Mount Holly, Lumberton and Medford Railroad

Overview
- Dates of operation: 1866–1915
- Successor: Camden and Burlington County Railway

Technical
- Track gauge: 1,435 mm (4 ft 8+1⁄2 in)
- Length: 5.94 miles (9.56 km)

= Mount Holly, Lumberton and Medford Railroad =

The Mount Holly, Lumberton and Medford Railroad was a railway company in the United States. It was incorporated in 1866 and opened its line in 1869, at which point it was leased by the Camden and Amboy Railroad. The Pennsylvania Railroad subsequently assumed the lease. The Mount Holly, Lumberton and Medford Railroad was consolidated with the Camden and Burlington County Railroad and Vincentown Branch of the Burlington County Railroad in 1915 to form the Camden and Burlington County Railway. The Mount Holly and Medford Branch was abandoned in 1976.

== History ==
The Burlington and Mount Holly Railroad and Transportation Company had first reached Mount Holly, New Jersey, in 1849. That company built east to Pemberton, New Jersey, in 1863. Its successor, the Camden and Burlington County Railroad, built west to Camden, New Jersey, in 1867.
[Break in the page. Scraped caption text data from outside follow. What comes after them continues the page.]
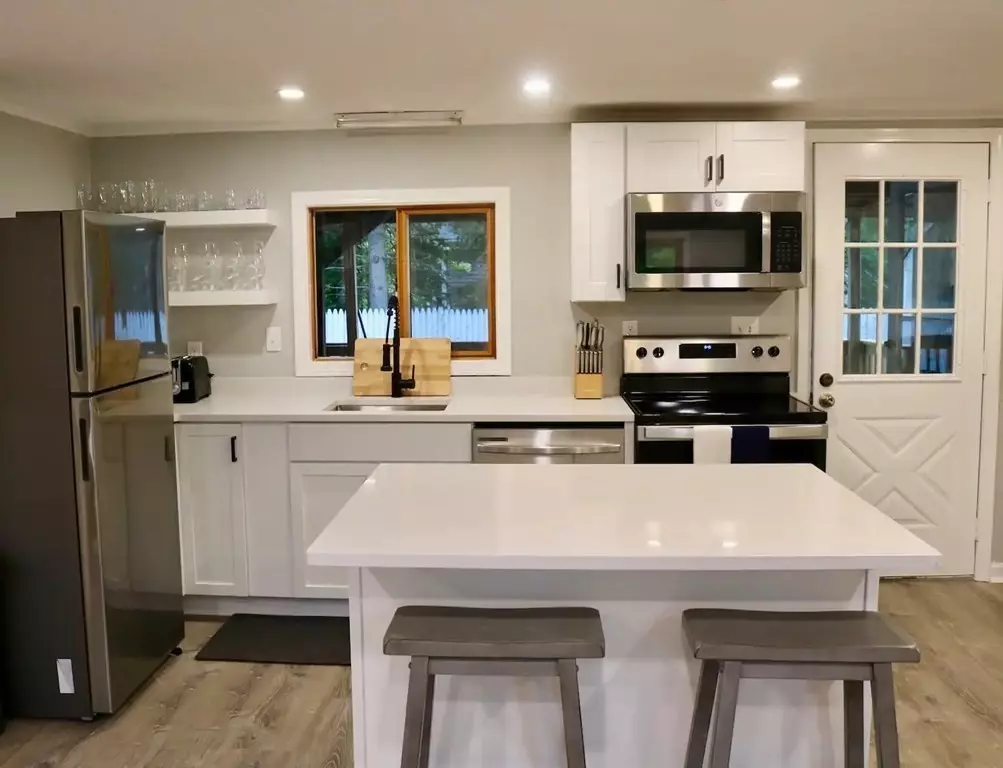 Chatham, MA 02633,175 Sam Ryder Rd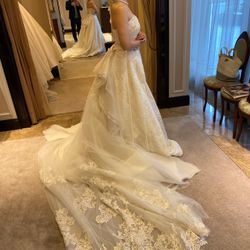 ザ・リッツ・カールトン大阪の写真33枚目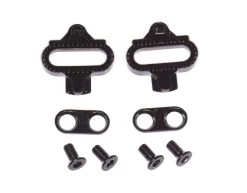 Shimano Store -Shimano Store Wellgo R226 2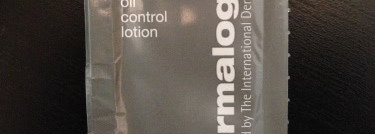 Dermalogica MediBac clearing kit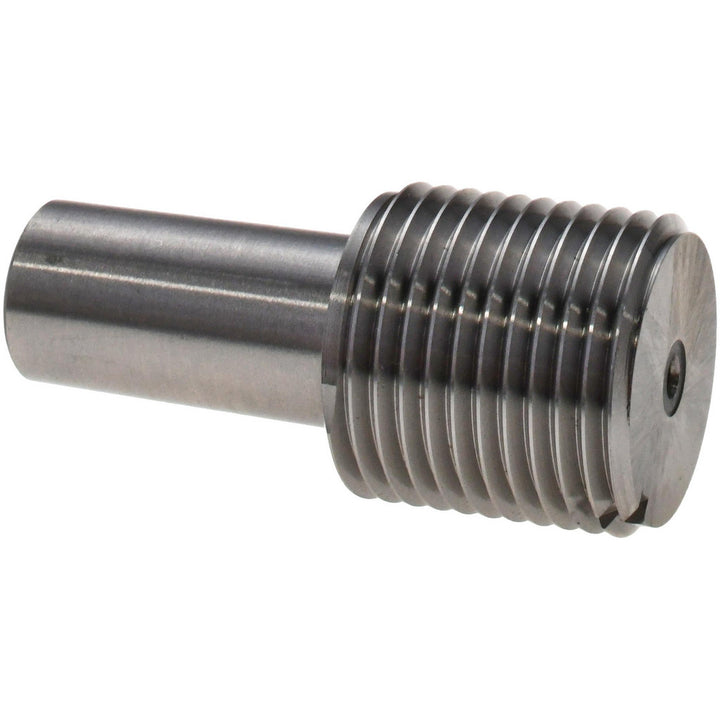 Pin Gage - SPI 34-334-3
The Mount Holly, Lumberton and Medford Railroad was incorporated on April 2, 1866. It began building its line between Mount Holly and Medford, New Jersey, in July 1869. The length of the line between the two points was 5.94 mi. The line opened on December 20, 1869, at which point the Camden and Amboy Railroad leased the company. The Camden and Amboy had already leased the Camden and Burlington County Railroad in 1867. The Camden and Amboy was consolidated with two other companies in 1872 to create the United New Jersey Railroad and Canal Company, which was leased by the Pennsylvania Railroad. The Pennsylvania Railroad assumed the lease of the Mount Holly, Lumberton and Medford Railroad.

The company's line between Mount Holly and Medford became the Mount Holly and Medford Branch. The Mount Holly, Lumberton and Medford Railroad was consolidated with the Camden and Burlington County Railroad and Vincentown Branch of the Burlington County Railroad on October 4, 1915, to form the Camden and Burlington County Railway. The Medford and Mount Holly Branch was not conveyed to Conrail in 1976 and was subsequently abandoned.